I was referring to partitions as the datasets to which one defines permissions, policies etc. Perhaps a better name is container.

Related to how people may want to organise their data is how they explore and retrieve it. I put forward some thoughts here which might be of interest:

1 Like

Hi, I agree with those thoughts, in the real world people organize things in a myriad of ways, far beyond the file structure. I’m wondering what the basic unit that groups resources logically is.

How we define things like ‘music that Alice and Bob like’ to put those in an application (and add permissions etc.)

… what are those? Folders? Collections? Containers? Views? resource-spaces?

A user/developer can define them as files, path patterns or queries in a language the user/developer knows.

just wondering :slight_smile:

2 Likes

Containers , Containers, Containers. It’s the Containers. The spec is very clear that the logical relationship of containment is an organizational principle of Solid unrelated to how it is implemented (file system, database, whatever).

1 Like

In Solid, when you place X inside Y, you are not putting a file in a folder or a row in a database, you are adding a triple <Y> ldp:contains <X>.

2 Likes

Direct and Indirect containment are not supported. There aren’t any immediate plans to do so at this time. Per the Solid Protocol - Storage:

Solid has the notion of containers to represent a collection of linked resources to help with resource discovery and lifecycle management.

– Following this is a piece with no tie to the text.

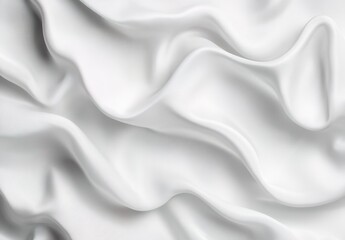 Obraz premium A close-up of white silk fabric with natural wavy texture.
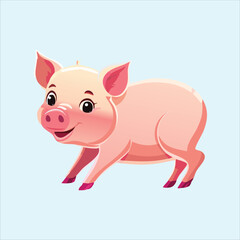 Fototapeta premium Cute cartoon pig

There is a 1-1 correspondence between containment triples and relative reference within the path name hierarchy. [Source]. It follows that all resources are discoverable from a container and that it is not possible to create orphan resources. [Source]

The representation and behaviour of containers in Solid corresponds to LDP Basic Container and MUST be supported.

Probably worth adding that containers provide limited semantic information about their content, so e.g. contacts should be stored in an address book, not just in a container. While a human can guess that the contacts form an address book, a computer cannot/should not.

For similar reasons, data discovery should be by registration not by selecting a container in which the human knows the data is stored.
The role of containers is really just for logical separation, not to express semantic relationships.

2 Likes

Absolutely right. It’s worth noting that aside from server-managed containment triples, a container is just another RDF resource, which can house that semantic information.

Regarding a pattern for how data is partitioned / stored - that’s exactly what we’re working to standardize in the Interoperability Panel - specifically under the Solid Application Interoperability, and Shape Trees work tracks.

2 Likes

Excellent points @josephguillaume. I’d like to elaborate on your statement “containers provide limited semantic information about their content” because that fact is a key sticking point in how new users transition into Solid.

On my home computer, I have a folder labeled “Music” and, in that, a hierarchy of “World Music”, “African Music”, “Afrobeat”, “Fela Kuti” and, within that, files that end in extensions .ogg, .mp3, etc. While not everyone is as obsessive as I am, something like this is the way most people relate to their personal computers.

As, @justin points out above, "There is a 1-1 correspondence between containment triples and relative reference within the path name hierarchy. "

So if containers correspond to path hierarchies, why can’t I just slap my folder structure from my home computer onto my pod and call it quits? Well, I can. Pods will let me treat them that way. I’m done, right? Terms like “Music” and “African Music” appear semantic to me. So I’m living the Solid life, cool!

But the labels I put on the containers have no meaning to software. Software can’t guess from the label that “Afrobeat” is a kind of “African Music”. It can’t even tell from the .ogg and .mp3 extensions that the files contain music - they might be voice recordings. And what happens if I want a list of other saxophone players or musicians from Nigeria?

That’s the real Solid life - being able to tell the software that Afrobeat is a kind of African music and that Fela Kuti is an Afrobeat musician, a person, a Nigerian, a strong advocate of African autonomy, and a saxophone player and that those particular .ogg and .mp3 files contain his music.

3 Likes